-- AVAILABLE DATA follows --
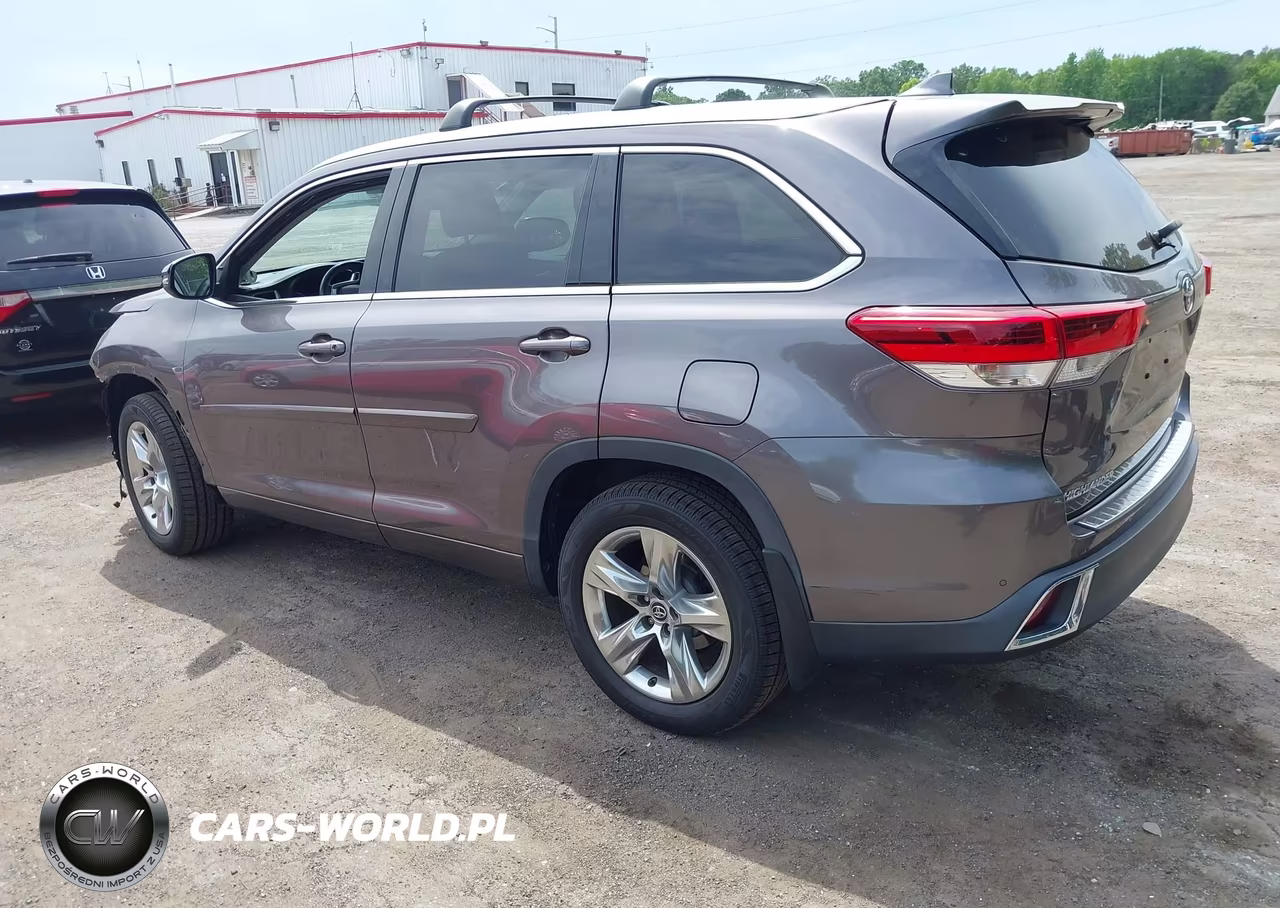 2019 Toyota Highlander Limited VIN:5TDDZRFH6KS949450 - 3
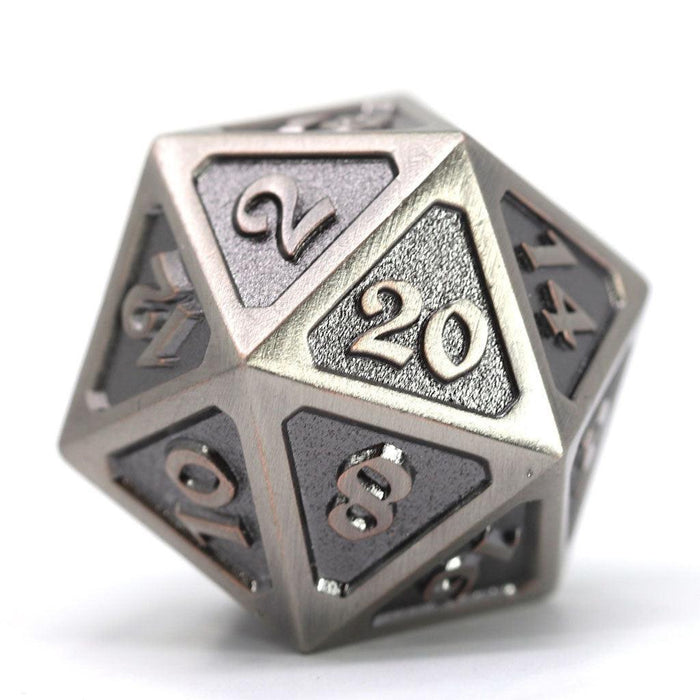 Dire d20 Mythica Battleworn Silver (Metal Die)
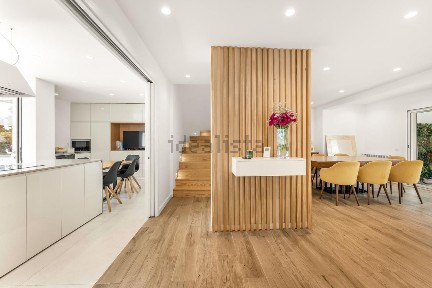 Apartamento T4 à venda na Avenida Engenheiro António de Azevedo Coutinho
-- AVAILABLE DATA concluded --
- _WHAT YOU ARE ASKED TO DO_: This task asks for the data above repeated exactly, without a single picture.

- _TASK RESPONSE_:
 2019 Toyota Highlander Limited VIN:5TDDZRFH6KS949450 - 3
 Dire d20 Mythica Battleworn Silver (Metal Die)
 Apartamento T4 à venda na Avenida Engenheiro António de Azevedo Coutinho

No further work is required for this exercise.